Weil das ist so die Frage, die ich von dir mithöre. Was verantworten wir? Und es kann schon interessant sein für uns zu überprüfen, ob wir diese Frage stellen, Wo ist auch mal fertig? Ich habe gerade aktuell ein Leadership Programm, wo es um das Thema Verbesserung der oder Fokus und Blick auf die psychologische Sicherheit geht. Und da haben wir natürlich auch das Thema Umgang mit eigenen Fehlern und haben auch sehr offen darüber gesprochen, wie bin ich im Moment mit mir selbst, wenn ich feststelle, dass ich etwas gemacht habe, was nicht sinnvoll war, was nicht hilfreich war, was tatsächlich auch fachlich vielleicht wirklich richtig falsch war. Richtig falsch. War es auch so schön deutsche Sprache oder es war richtig, richtig, richtig falsch.
Jürgen Schulze Seeger
Umgekehrt gibt es das übrigens nicht, ne?
Sabine Venske-Hess
Genau, fälschlicherweise richtig. Und auch da immer wieder zu Ja, und was ist mein Anspruch an mich selbst, wenn ich dann bewusst gucke und ich habe jetzt mit einem Ich hatte eine Teamsitzung, es ist eine lange Woche gewesen, es ist Freitag, und eine Mitarbeiterin, mit der ich durchaus schon länger meine Challenge habe, fragt vor dem ganzen Team etwas, was schon fünfmal gefragt worden ist.
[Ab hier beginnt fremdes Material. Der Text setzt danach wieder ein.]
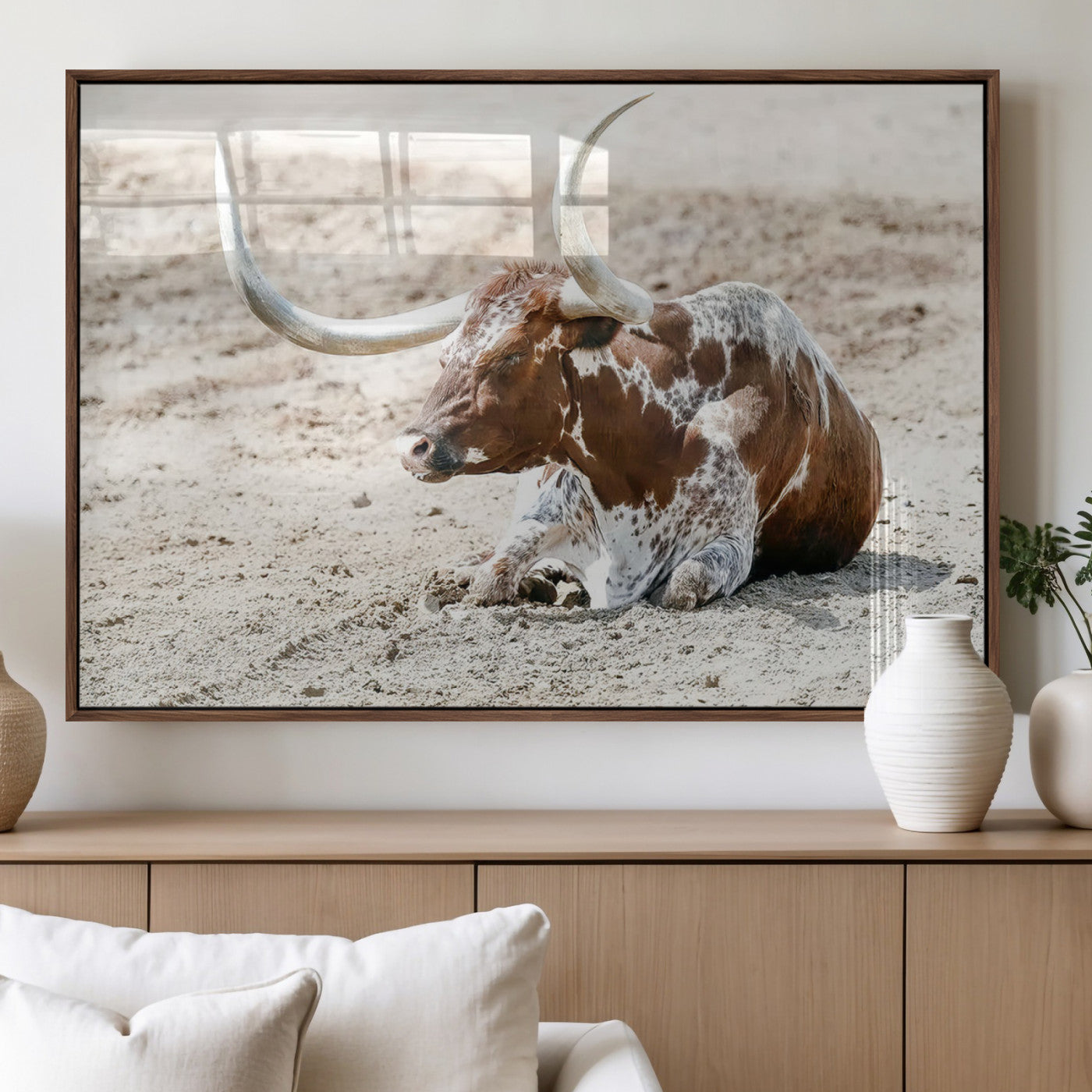 MGV-FP-60X30-3P - Majestic Longhorn Resting on Sunlit Desert Ground – Striking Western-Themed Wall Art Canvas Print
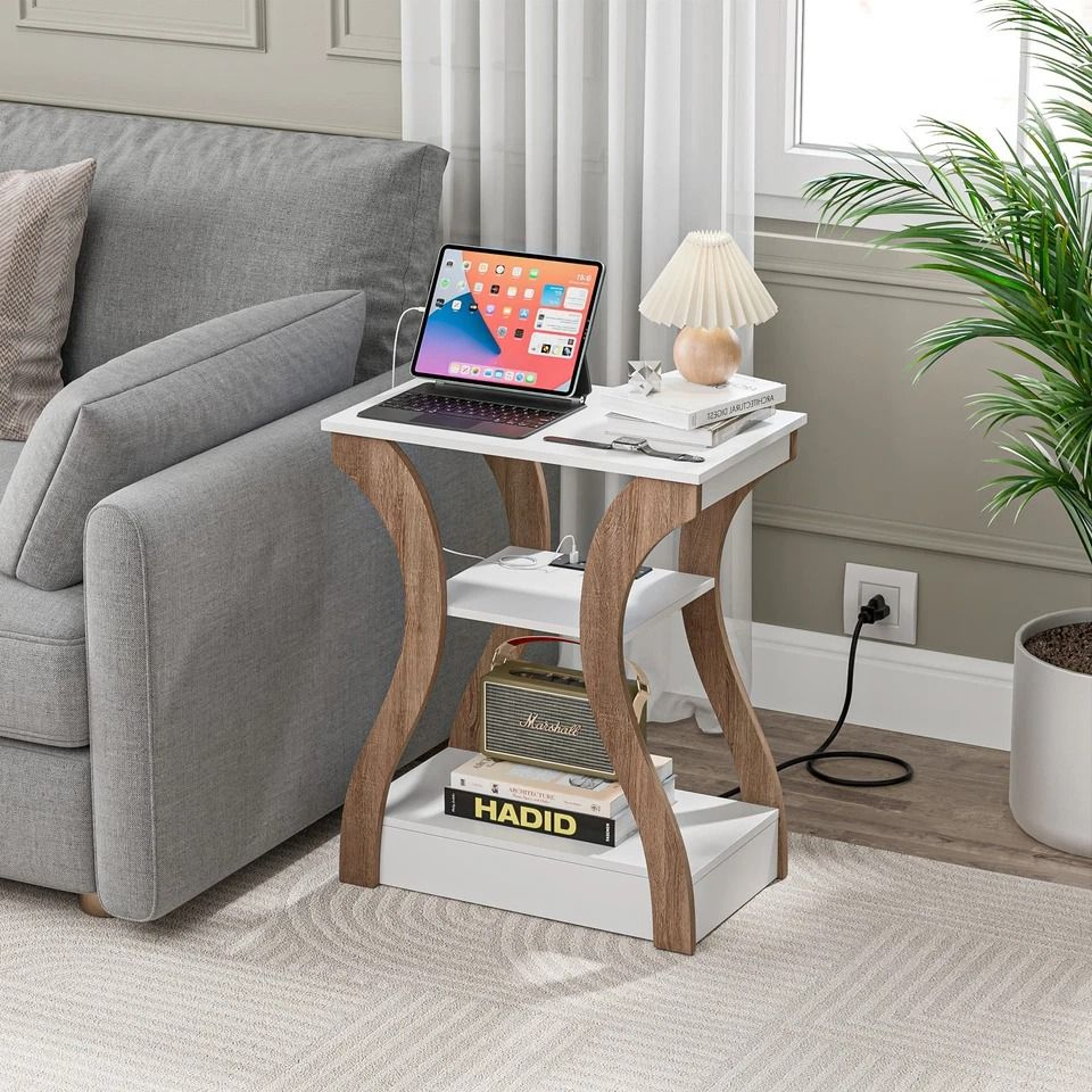 End Table With Charging Station White Side Table For Bedroom Living Room 6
Und das haben wir wiederum unter vier Augen schon mehrfach besprochen, dass sie das immer wieder macht und dass ich sie doch darum bitte, darauf aufzupassen, weil sie jedes Mal Zeit in Anspruch nimmt und dass das nicht sinnvoll ist. Und jetzt macht sie es wieder gerade. Und vielleicht bin ich dann einfach mal so wenig energiereich, dass ich pass mal auf, das ist jetzt das fünfte Mal, dass diese Frage gestellt wird. Guck bitte selber nach oder schau dir die Aufzeichnung hier an, dann findest du die Antwort. So, und dann ist das Meeting zu Ende und spätestens hinterher denke Naja, ob das jetzt so zur psychologischen Sicherheit innerhalb meines Teams beigetragen hat, die Art und Weise, wie ich Vielleicht hat ja jemand.
Jürgen Schulze Seeger
Die Frage schon gestellt, dann frage ich mal lieber nicht.
Sabine Venske-Hess
Genau. So. Und jetzt kann ich mich natürlich geißeln und kann mit mir selber stark in die Konfrontation innerlich gehen. Also es ist wieder die Frage meines eigenen inneren Dialoges. Bin ich da jetzt ein bisschen zwar kritisch, aber nett zu mir? Oder gehe ich jetzt in einen Vollangriff in mir selber? Wie konntest du nur?
Aber es ist eines der Beispiele zu Kann ich nicht beides gleichzeitig? Kann ich nicht gleichzeitig okay, ich akzeptiere, dass ich einfach müde war und dass es mir nicht gelungen ist, meinen eigenen Ansprüchen gerecht zu werden an der Stelle. Und ich gucke was will ich machen für diese Situation? Also gehe ich auf die Mitarbeiterin zu und sage ihr zum Beispiel der Ton war einfach doof von mir. Inhaltlich bleibt es bei dem. Lass uns doch bitte gucken, wie das geht, dass du das vermeidest in Zukunft. Oder ist es dieser Hochanspruch, der mich dann schon wieder hemmt, weil ich oh Gott, ich bin jetzt erst mal so durch.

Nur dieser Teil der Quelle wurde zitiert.